Task brief – Would you return the lines between the one holding "Landsbyhus i Fundao, Castelo" and the one holding "Swimwear Solution gallery", inclusive, and only those, exactly as they stand in the listing below?

Source data –
Start of Block

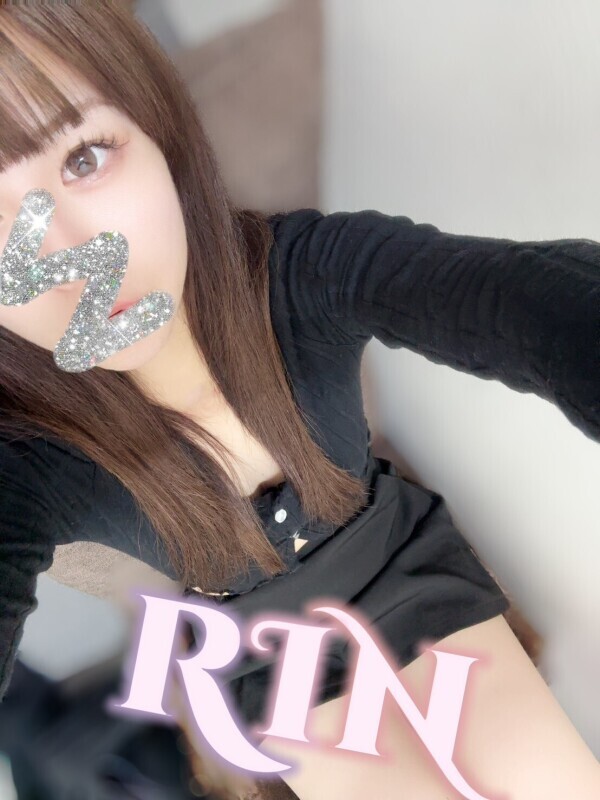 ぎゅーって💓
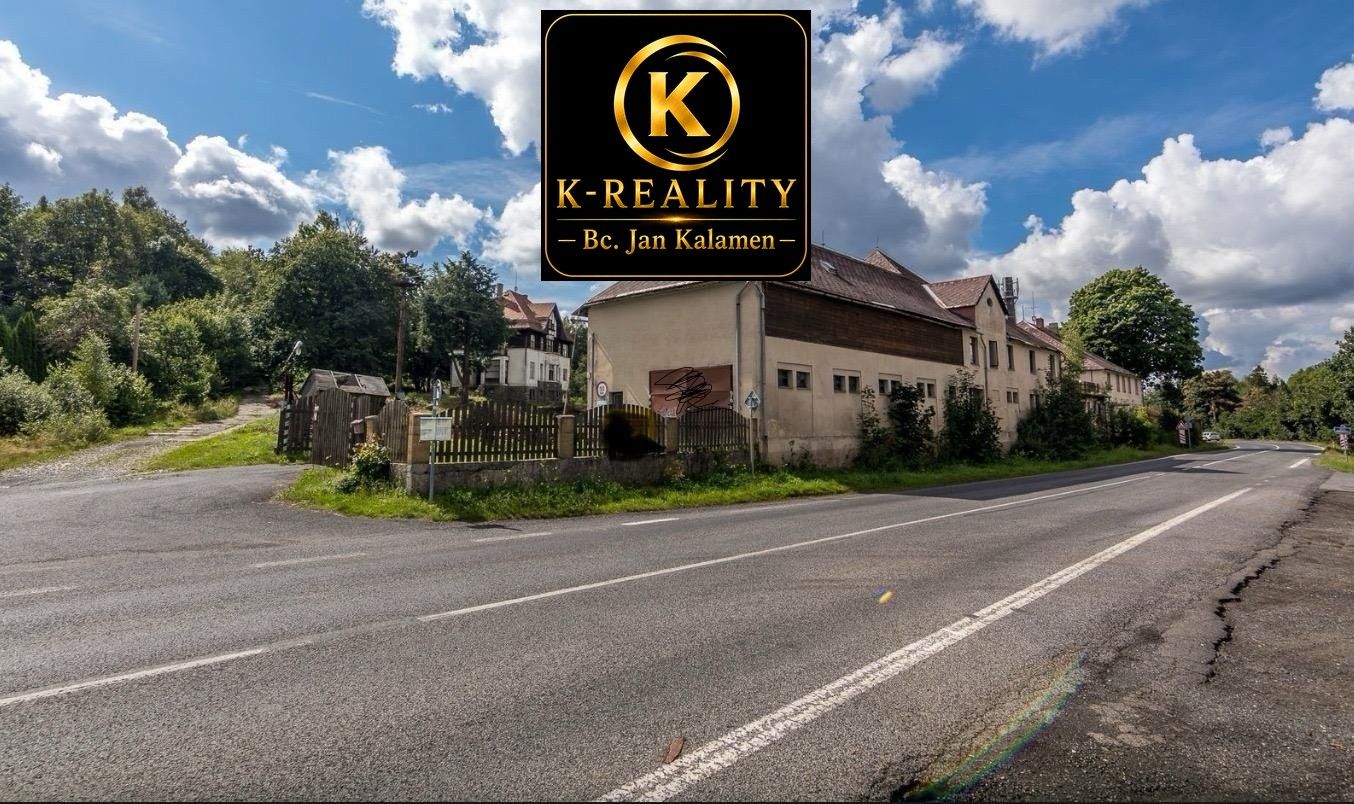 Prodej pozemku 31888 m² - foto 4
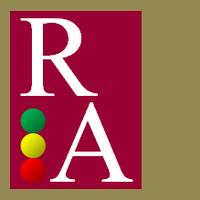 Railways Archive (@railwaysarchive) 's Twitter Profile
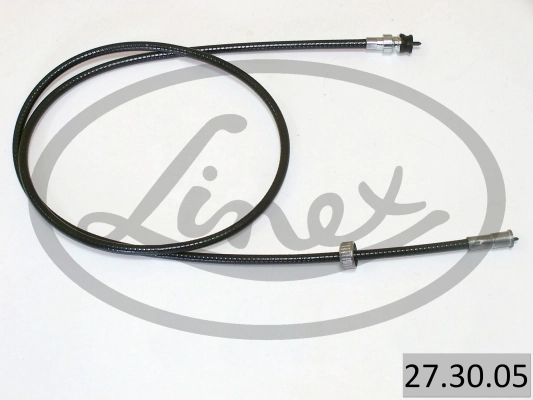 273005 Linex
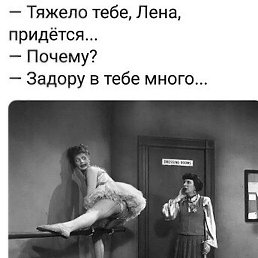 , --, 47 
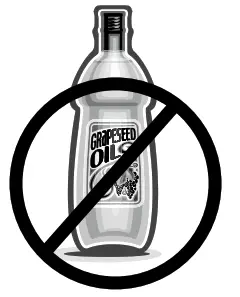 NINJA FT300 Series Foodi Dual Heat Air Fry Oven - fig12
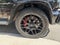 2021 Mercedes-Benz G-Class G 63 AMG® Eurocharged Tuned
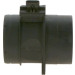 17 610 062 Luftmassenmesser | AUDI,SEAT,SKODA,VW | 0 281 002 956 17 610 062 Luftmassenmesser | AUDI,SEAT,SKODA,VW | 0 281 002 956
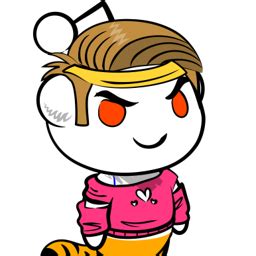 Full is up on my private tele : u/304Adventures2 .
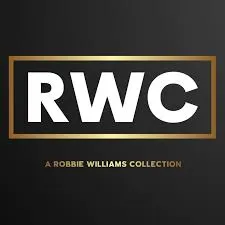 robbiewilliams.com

End of Block
Start of Block

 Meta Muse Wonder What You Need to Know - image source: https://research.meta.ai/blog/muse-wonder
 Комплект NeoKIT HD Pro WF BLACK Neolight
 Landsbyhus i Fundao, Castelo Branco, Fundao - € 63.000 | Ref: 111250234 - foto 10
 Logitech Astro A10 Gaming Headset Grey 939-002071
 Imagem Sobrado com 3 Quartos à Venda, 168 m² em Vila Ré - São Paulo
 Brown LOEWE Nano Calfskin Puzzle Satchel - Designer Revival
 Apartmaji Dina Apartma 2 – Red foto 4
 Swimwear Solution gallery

End of Block
Start of Block

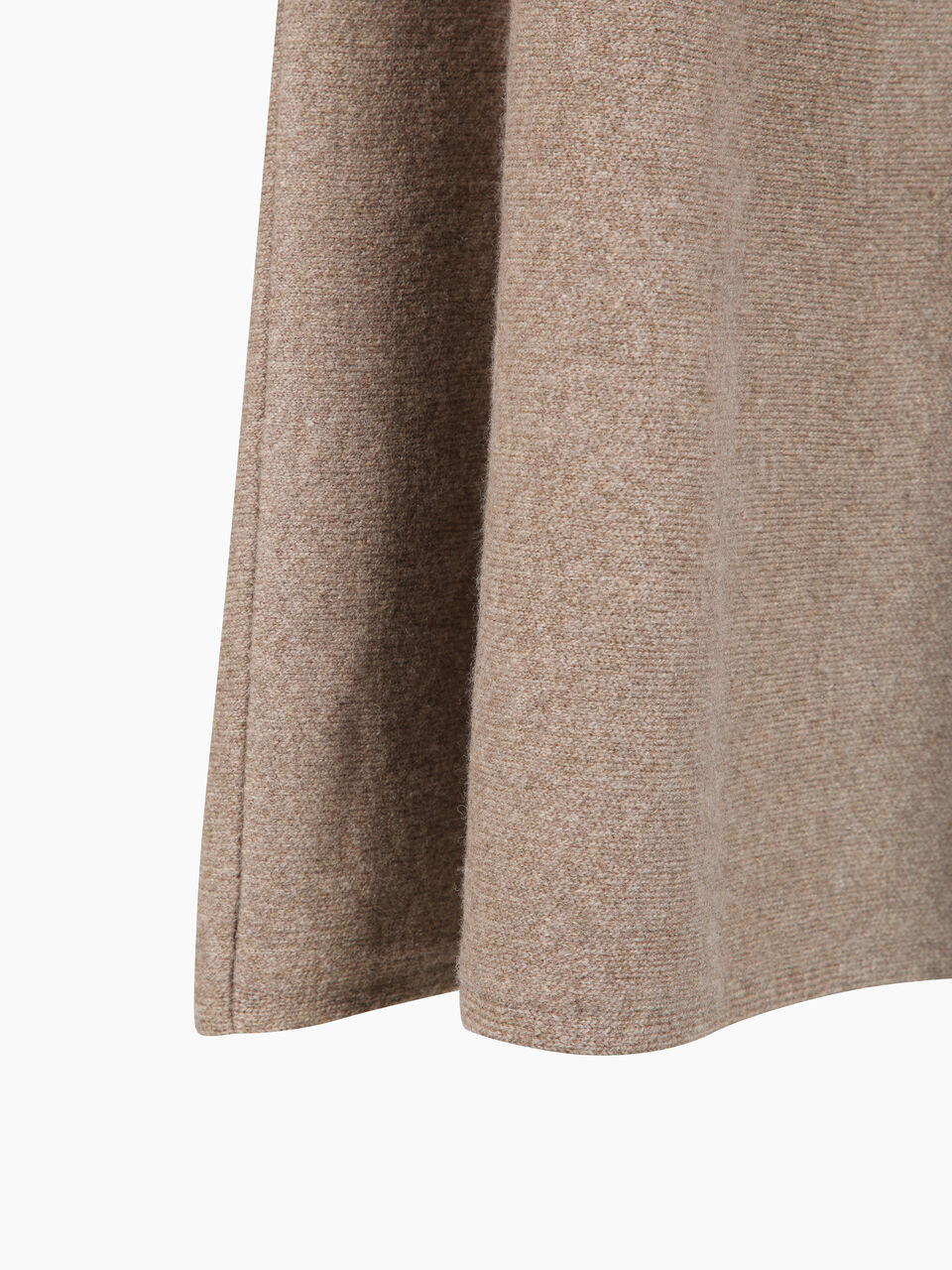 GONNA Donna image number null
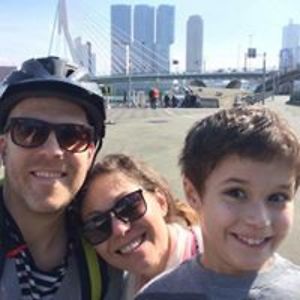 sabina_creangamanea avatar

End of Block

Result of this exercise –
 Landsbyhus i Fundao, Castelo Branco, Fundao - € 63.000 | Ref: 111250234 - foto 10
 Logitech Astro A10 Gaming Headset Grey 939-002071
 Imagem Sobrado com 3 Quartos à Venda, 168 m² em Vila Ré - São Paulo
 Brown LOEWE Nano Calfskin Puzzle Satchel - Designer Revival
 Apartmaji Dina Apartma 2 – Red foto 4
 Swimwear Solution gallery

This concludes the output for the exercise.